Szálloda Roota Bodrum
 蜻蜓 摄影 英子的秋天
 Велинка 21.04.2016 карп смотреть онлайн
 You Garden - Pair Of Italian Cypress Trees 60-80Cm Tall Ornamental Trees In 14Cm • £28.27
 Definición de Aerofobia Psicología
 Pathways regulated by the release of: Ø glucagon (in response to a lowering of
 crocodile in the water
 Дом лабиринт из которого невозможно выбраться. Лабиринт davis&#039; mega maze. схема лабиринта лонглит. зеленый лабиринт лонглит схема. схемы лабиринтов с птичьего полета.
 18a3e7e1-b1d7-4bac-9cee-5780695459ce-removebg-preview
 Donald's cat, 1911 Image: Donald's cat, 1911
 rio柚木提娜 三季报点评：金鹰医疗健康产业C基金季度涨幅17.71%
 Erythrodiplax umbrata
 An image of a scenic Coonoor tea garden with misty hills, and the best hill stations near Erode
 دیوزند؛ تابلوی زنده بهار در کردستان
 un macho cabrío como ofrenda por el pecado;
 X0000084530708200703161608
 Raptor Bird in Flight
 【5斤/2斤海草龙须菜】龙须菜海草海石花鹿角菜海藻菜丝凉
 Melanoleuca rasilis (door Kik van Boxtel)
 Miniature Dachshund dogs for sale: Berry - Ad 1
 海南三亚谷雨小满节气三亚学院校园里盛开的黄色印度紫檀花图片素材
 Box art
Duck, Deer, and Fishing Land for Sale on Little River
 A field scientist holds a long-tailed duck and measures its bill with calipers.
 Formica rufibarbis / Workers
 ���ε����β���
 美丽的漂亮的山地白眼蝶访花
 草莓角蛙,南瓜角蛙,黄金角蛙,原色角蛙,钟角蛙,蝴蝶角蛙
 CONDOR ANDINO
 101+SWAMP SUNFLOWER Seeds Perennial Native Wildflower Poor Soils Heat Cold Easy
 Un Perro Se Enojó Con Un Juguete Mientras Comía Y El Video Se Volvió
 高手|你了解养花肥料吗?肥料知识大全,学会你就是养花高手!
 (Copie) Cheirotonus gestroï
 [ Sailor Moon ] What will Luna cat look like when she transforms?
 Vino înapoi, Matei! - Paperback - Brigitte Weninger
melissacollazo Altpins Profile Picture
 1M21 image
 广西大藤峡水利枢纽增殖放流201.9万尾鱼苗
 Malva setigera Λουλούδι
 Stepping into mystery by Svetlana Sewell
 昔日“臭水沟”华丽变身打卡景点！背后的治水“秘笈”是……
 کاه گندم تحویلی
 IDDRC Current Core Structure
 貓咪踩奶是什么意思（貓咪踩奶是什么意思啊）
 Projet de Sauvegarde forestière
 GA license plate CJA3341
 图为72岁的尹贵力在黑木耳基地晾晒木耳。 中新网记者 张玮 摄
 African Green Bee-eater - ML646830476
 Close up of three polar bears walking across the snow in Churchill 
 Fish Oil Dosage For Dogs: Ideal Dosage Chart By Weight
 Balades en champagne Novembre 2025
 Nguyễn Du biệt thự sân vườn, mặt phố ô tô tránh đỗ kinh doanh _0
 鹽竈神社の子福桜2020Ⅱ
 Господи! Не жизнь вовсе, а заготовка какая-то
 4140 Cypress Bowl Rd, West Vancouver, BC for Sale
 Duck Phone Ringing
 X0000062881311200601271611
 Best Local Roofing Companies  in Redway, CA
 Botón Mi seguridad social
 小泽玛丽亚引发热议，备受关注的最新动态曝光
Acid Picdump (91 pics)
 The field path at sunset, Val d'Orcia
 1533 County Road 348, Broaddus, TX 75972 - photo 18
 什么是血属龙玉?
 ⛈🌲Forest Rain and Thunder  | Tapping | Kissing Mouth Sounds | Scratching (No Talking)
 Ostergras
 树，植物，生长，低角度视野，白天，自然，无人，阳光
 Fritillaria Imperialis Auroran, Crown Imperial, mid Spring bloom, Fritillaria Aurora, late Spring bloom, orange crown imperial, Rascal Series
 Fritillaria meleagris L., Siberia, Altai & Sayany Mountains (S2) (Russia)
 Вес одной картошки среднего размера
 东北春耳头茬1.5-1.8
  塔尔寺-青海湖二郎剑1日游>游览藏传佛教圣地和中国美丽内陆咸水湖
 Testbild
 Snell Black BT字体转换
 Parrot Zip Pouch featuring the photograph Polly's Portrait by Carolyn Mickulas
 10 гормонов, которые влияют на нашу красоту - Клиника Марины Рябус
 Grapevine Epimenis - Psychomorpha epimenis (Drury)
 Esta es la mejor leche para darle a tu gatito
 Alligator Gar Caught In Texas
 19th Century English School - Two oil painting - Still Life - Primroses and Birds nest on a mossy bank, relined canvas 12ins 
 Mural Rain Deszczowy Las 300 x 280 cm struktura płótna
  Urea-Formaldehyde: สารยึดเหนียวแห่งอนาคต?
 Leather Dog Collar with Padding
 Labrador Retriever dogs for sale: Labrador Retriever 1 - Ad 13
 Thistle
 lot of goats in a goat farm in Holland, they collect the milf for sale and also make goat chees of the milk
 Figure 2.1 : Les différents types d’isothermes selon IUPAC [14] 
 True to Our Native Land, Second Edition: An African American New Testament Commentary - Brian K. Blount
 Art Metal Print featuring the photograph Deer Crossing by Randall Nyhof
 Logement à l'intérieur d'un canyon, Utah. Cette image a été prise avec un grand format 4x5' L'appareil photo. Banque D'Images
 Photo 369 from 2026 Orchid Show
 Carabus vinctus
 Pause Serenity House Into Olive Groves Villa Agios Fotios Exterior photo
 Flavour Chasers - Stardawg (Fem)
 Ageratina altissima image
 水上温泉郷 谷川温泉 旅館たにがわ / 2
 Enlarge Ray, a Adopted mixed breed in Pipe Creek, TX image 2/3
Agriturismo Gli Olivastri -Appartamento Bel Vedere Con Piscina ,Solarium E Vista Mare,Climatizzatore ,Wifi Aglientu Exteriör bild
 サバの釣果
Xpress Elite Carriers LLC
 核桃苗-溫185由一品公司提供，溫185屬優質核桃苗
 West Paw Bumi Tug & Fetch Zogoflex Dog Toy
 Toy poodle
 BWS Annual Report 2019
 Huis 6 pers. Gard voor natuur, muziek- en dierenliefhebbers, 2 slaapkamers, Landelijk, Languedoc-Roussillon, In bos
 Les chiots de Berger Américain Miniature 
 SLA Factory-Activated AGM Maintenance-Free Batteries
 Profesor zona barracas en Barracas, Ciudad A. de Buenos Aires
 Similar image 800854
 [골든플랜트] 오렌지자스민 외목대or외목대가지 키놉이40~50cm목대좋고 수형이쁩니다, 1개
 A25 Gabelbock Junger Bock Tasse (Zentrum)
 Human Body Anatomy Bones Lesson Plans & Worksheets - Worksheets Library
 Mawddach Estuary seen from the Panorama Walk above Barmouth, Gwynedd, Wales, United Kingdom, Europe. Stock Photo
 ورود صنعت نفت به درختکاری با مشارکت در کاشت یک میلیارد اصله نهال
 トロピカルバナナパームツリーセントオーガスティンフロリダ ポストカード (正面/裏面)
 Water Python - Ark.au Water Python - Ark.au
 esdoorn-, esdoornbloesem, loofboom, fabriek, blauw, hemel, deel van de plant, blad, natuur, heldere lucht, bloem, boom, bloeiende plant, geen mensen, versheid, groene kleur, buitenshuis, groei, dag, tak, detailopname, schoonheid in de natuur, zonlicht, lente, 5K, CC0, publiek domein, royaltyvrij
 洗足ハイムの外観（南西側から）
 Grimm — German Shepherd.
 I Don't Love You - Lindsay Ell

Required work:
Repeat exactly the lines starting at the line with "esdoorn-, esdoornbloesem, loofboom, fabriek, blauw, hemel, deel" and ending with the final line of the entries. Include nothing else.

Written response:
 esdoorn-, esdoornbloesem, loofboom, fabriek, blauw, hemel, deel van de plant, blad, natuur, heldere lucht, bloem, boom, bloeiende plant, geen mensen, versheid, groene kleur, buitenshuis, groei, dag, tak, detailopname, schoonheid in de natuur, zonlicht, lente, 5K, CC0, publiek domein, royaltyvrij
 洗足ハイムの外観（南西側から）
 Grimm — German Shepherd.
 I Don't Love You - Lindsay Ell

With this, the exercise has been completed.